Leiths How to Cook
Peter Cassidy

If using dried beans, you will need to allow plenty of time to soak them.


Quantity Ingredient
85g dried haricot beans, (or use tinned; see note)
2 rashers smoked streaky bacon, (or 50 g piece of pancetta)
1 onion
1 carrot
1 potato
1 celery stick
100 g piece white cabbage
3 tomatoes
50g fine green beans
1 garlic clove
3 tablespoons olive oil
1.2 litres Vegetable stock
or 1.2 litres Chicken and veal stock
100ml white wine
1 bay leaf
1 tablespoon tomato puree
small bunch flat-leaf parsley
50g dried spaghetti
freshly ground black pepper
parmesan cheese, to serve


  1. Soak the dried beans in cold water for at least 3 hours, but ideally overnight.
  2. Derind and dice the bacon.

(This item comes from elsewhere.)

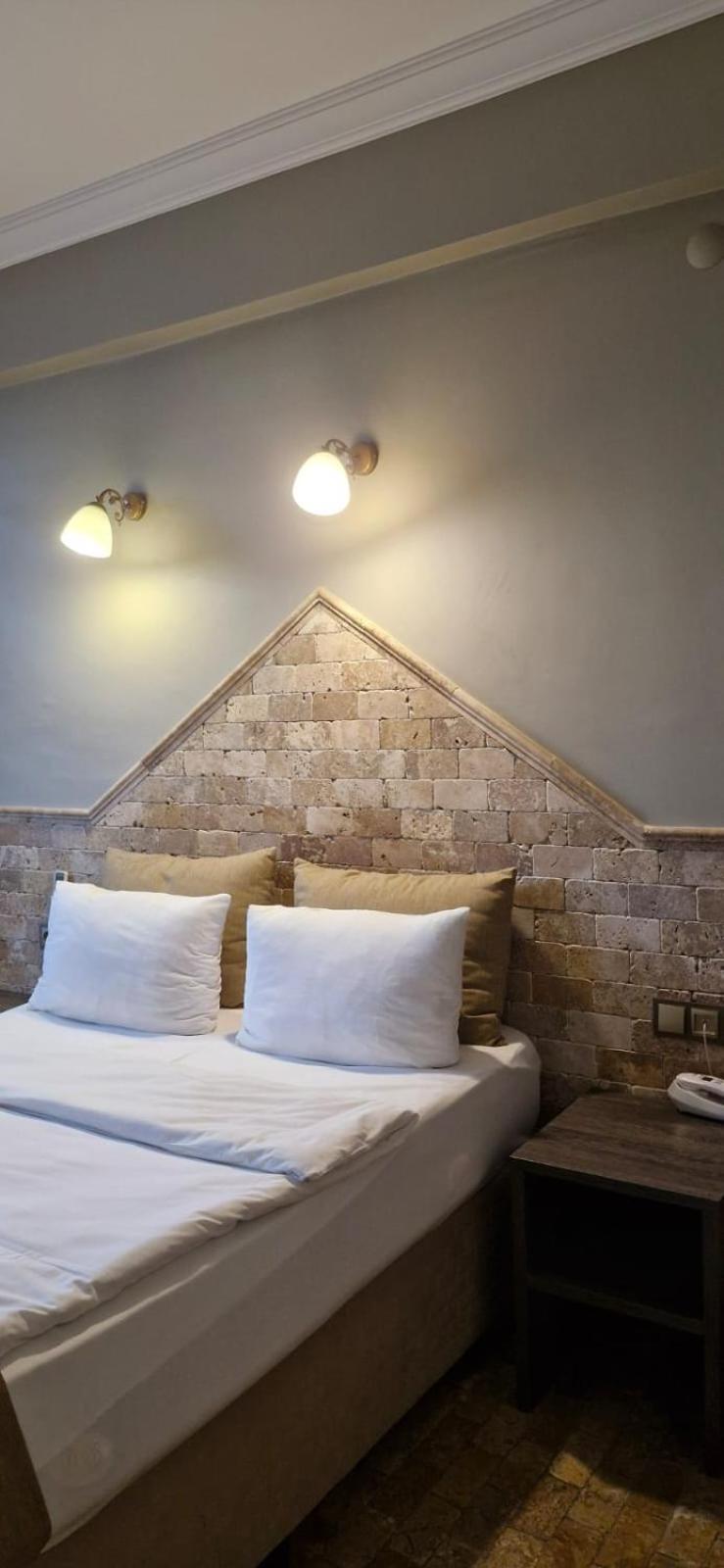 Royal Park Hotel Corlu Bed And Breakfast 泰基尔达 外观 照片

Halve, peel and finely slice the onion. Peel and dice the carrot and potato. De-string and dice the celery. Remove and discard the tough core from the cabbage, then shred. Blanch the tomatoes in boiling water for 10 seconds, refresh in cold water and drain, then peel, quarter, deseed and chop. Top and tail the green beans and cut into 1 cm lengths. Peel and crush the garlic.
  3. Heat the olive oil in a large saucepan over a low heat. Add the bacon, let the fat render a little, then add the onion, carrot and celery and cook for 2 minutes. Add the potato and cook for a further 2 minutes. Add the garlic and cook for 1 minute.
  4. Drain the soaked beans and add to the saucepan with the stock, wine, bay leaf, tomato purée and a few parsley stalks. Bring to the boil, then reduce the heat and simmer for about 1 hour. Discard the bay leaf and parsley stalks.
  5. Break the spaghetti into short lengths and add to the saucepan. Cook for a further 5 minutes, then add the cabbage, green beans and tomatoes and simmer gently until the spaghetti is cooked.
  6. Roughly chop enough parsley leaves to give you 1 tablespoon. Season the soup well with salt and pepper and stir in the parsley. Pour into bowls, grate a little Parmesan over each portion and serve.


  • To save time, you can use a 400 g tin haricot beans, drained and rinsed. Simmer the soup base without the beans (in step 4) for just 15 minutes. Add the beans and return to a simmer before adding the spaghetti (in step 5).


  • If preferred, keep the bacon in one piece; remove at the end of step 4 and discard. For a meat-free version, use vegetable stock and add an end piece of Parmesan (with rind) for extra flavour in place of the bacon; discard after simmering.